Rodolphus Lestrange, notamment, qui convoitait les faveurs de Bellatrix depuis de longues années, voyait d'un très mauvais œil l'arrivée de ce nouveau venu.

– Bientôt, nous irons cueillir les Mangemorts au berceau, dit-il à voix haute, et l'ensemble de ses voisins hochèrent la tête avec affliction.

En guise de réponse, Regulus s'écarta légèrement de Bellatrix, et adressa un sourire embarrassé à l'ensemble de la tablée.

– Euh... Bonjour à tous, déclara-t-il, encouragé par le regard admiratif de Bellatrix. Je suis, eh bien... Très flatté de faire votre connaissance... On m'a dit que...

– Épargne-nous tes courbettes, petit ! le coupa Yaxley sans ménagement. Nous savons que vous autres Collinards excellez en la matière... Mais qu'en est-il de ton habileté au combat ? As-tu au moins déjà gagné un duel contre un sorcier digne de ce nom ?

Regulus ne sut que répondre. Il y eut un moment de flottement, puis Voldemort reprit la parole avec un sourire sarcastique.

– Je te félicite, Yaxley, tu viens d'introduire l'objet de notre réunion... Laissons Regulus prendre ses marques, et installons-nous, que je puisse vous dire de quoi il retourne.

Narcissa alla s'asseoir à côté de Lucius, qui lui avait gardé une place à côté de lui. Bellatrix prit Regulus par la main et le fit asseoir entre elle et Voldemort, qui présidait la tablée. Piscus Crabbe, lui, échangea avec ses deux colosses de fils un regard lourd de sous-entendus ; et Vera Goyle, enfin, s'assit dans un coin de la pièce, les bras croisés, en observant attentivement tous les membres de la sinistre assemblée.

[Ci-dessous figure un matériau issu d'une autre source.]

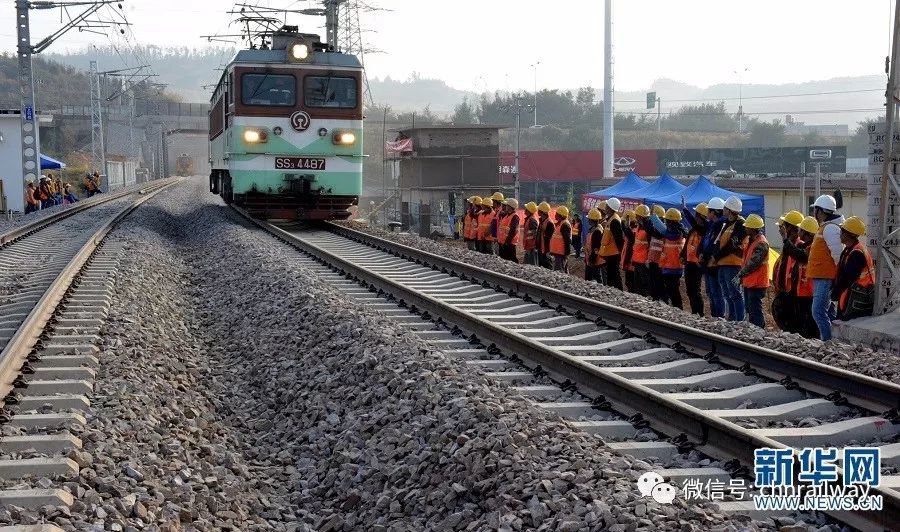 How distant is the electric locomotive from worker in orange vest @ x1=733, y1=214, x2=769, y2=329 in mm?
9598

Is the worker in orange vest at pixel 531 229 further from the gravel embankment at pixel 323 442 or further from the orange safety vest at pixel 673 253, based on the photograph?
the gravel embankment at pixel 323 442

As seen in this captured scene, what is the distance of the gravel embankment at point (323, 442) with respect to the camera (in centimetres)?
470

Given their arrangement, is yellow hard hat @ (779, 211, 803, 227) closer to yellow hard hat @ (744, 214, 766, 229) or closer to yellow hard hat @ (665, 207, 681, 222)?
yellow hard hat @ (744, 214, 766, 229)

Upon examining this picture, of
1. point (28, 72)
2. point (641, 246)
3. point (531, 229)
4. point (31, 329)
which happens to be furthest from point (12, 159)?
point (31, 329)

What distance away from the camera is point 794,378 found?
6578 mm

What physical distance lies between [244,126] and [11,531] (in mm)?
14996

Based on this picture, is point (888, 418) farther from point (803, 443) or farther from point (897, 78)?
point (897, 78)

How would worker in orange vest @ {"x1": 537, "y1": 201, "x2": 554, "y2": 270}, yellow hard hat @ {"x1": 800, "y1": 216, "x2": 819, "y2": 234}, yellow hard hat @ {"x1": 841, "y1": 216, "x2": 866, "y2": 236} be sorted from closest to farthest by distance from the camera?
yellow hard hat @ {"x1": 841, "y1": 216, "x2": 866, "y2": 236} → yellow hard hat @ {"x1": 800, "y1": 216, "x2": 819, "y2": 234} → worker in orange vest @ {"x1": 537, "y1": 201, "x2": 554, "y2": 270}

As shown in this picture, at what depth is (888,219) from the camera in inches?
431

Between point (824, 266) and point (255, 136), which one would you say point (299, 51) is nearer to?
point (255, 136)

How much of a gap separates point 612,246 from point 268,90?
24.6 ft

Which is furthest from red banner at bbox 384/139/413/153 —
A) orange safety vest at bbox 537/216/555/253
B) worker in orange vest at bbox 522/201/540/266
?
orange safety vest at bbox 537/216/555/253

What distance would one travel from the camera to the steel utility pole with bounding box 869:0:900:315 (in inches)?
420

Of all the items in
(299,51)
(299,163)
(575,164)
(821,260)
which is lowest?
(821,260) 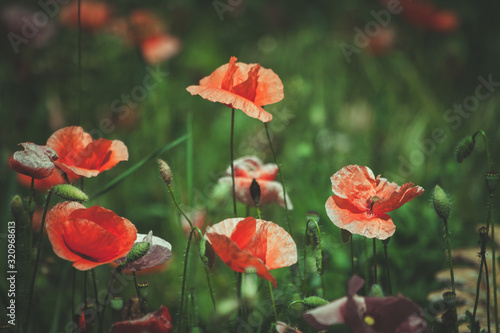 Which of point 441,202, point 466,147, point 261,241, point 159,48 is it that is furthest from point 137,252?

Voldemort leur fit part de ses projets : maintenant qu'ils étaient assez nombreux, il souhaitait célébrer leur nouvelle alliance par un attentat spectaculaire, quelque chose qui marque les esprits : et la Fête Nationale des Sorciers, qui célébrait historiquement la puissance de la magie, était l'occasion idéale pour ce coup d'éclat.

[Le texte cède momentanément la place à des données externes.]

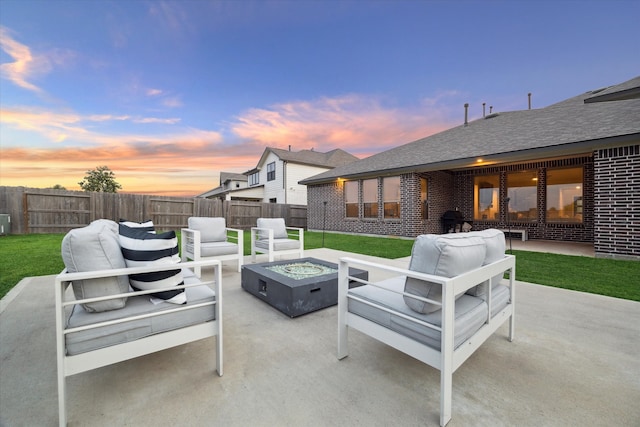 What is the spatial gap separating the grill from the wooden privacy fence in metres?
9.66

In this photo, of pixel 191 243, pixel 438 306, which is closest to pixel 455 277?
pixel 438 306

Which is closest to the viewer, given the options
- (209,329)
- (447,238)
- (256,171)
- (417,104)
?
(447,238)

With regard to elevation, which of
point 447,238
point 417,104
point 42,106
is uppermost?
point 417,104

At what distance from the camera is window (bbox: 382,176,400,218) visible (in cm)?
1085

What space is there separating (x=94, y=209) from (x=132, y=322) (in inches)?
467

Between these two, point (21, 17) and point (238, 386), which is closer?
point (238, 386)

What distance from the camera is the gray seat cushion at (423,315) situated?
1.52 metres

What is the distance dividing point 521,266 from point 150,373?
634 centimetres

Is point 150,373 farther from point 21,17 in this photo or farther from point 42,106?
point 42,106

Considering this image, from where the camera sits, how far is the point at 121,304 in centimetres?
162

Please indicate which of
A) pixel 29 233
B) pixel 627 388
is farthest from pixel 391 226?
pixel 29 233

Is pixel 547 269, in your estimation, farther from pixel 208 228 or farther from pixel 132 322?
pixel 208 228

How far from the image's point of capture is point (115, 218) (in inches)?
425

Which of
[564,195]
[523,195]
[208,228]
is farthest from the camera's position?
[523,195] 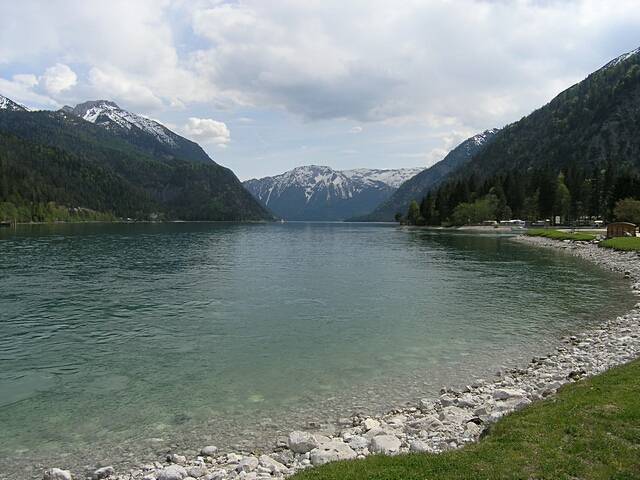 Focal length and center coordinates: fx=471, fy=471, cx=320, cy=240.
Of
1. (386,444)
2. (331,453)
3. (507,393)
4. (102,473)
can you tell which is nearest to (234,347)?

Chacun soumettait sa proposition, en rivalisant de cruauté. Certains souhaitaient s'attaquer directement au Ministère ; d'autres, moins nombreux, émirent l'idée d'assiéger Poudlard, mais ils furent aussitôt rabroués par ceux qui estimaient cela imprudent en la présence de Dumbledore.

Le débat commençait à s'enliser sérieusement quand Abraxas Malefoy prit la parole :

– Si je peux me permettre, je pense que toutes vos propositions sont vouées à l'échec, dit-il d'une voix tranchante.

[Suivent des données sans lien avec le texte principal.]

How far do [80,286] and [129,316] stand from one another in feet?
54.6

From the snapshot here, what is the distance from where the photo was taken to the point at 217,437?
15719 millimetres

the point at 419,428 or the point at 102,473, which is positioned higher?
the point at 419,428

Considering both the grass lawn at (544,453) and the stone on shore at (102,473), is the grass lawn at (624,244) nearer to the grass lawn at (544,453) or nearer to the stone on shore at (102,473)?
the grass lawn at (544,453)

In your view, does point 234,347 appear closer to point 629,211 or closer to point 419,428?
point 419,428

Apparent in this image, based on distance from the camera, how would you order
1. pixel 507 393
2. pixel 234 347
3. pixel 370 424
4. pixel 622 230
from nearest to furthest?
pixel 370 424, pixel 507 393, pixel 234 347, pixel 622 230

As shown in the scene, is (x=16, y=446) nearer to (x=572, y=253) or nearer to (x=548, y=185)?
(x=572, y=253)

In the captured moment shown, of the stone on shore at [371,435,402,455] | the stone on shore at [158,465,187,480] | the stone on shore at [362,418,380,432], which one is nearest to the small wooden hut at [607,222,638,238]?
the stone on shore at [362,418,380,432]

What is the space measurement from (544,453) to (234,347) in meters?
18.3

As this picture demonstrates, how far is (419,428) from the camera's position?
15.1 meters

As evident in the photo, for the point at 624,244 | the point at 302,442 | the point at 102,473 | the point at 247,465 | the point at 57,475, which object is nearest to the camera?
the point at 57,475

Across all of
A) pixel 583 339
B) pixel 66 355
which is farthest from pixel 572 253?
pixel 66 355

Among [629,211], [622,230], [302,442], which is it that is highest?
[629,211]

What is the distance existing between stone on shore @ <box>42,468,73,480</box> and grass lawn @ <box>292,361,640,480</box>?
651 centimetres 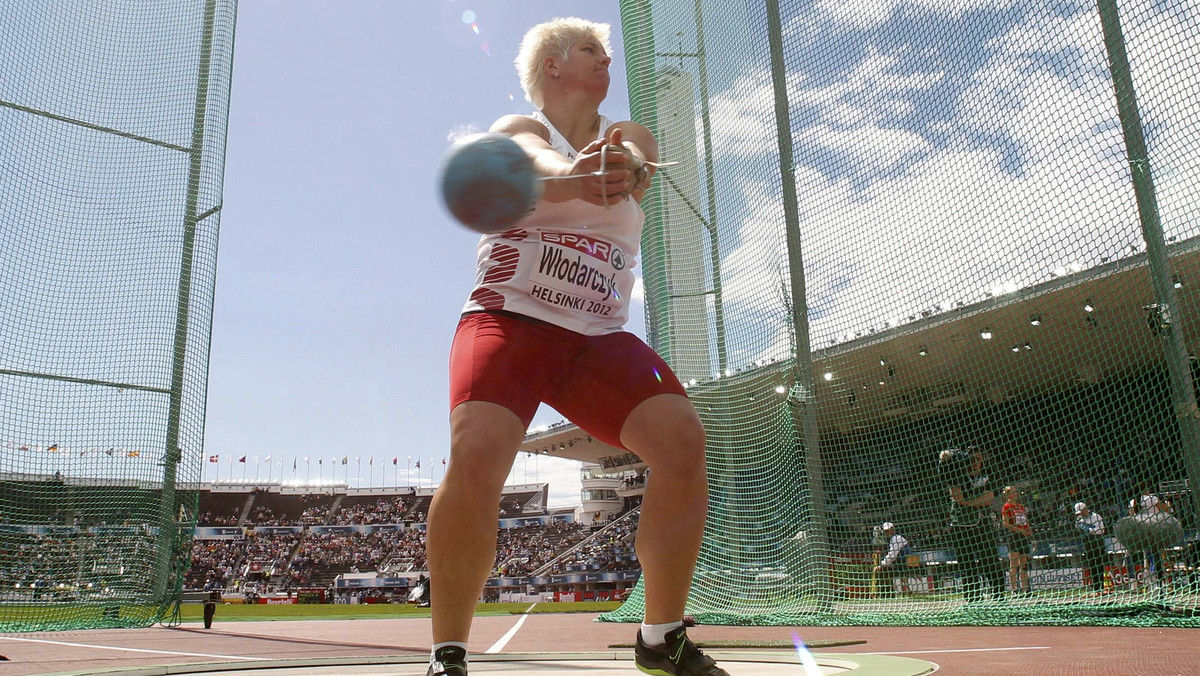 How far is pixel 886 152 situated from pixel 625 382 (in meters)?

Tout le monde se tourna vers lui. De son siège légèrement plus haut que les autres, il dominait toute la tablée. Ses yeux gris pâle ressemblaient à deux billes de métal glacé, et sa voix était comme un tintement d'acier. Le brouhaha indiscipliné s'évanouit aussitôt, remplacé par un silence pesant.

– Le Ministère sait pertinemment que la Fête Nationale des Sorciers est pour nous une occasion idéale, expliqua Abraxas. Ce serait bien trop prévisible. D'après mes sources au Ministère, tous les lieux symboliques seront sous surveillance renforcée. Partout où nous irons, il sera impossible de les prendre par surprise.

– Justement, c'est parfait ! répliqua Bellatrix. Nous ne demandons qu'à nous mesurer à eux !

– Mais les dégâts infligés seraient moindres, insista Abraxas Malefoy.

– Que nous conseilles-tu, Abraxas ? demanda Voldemort.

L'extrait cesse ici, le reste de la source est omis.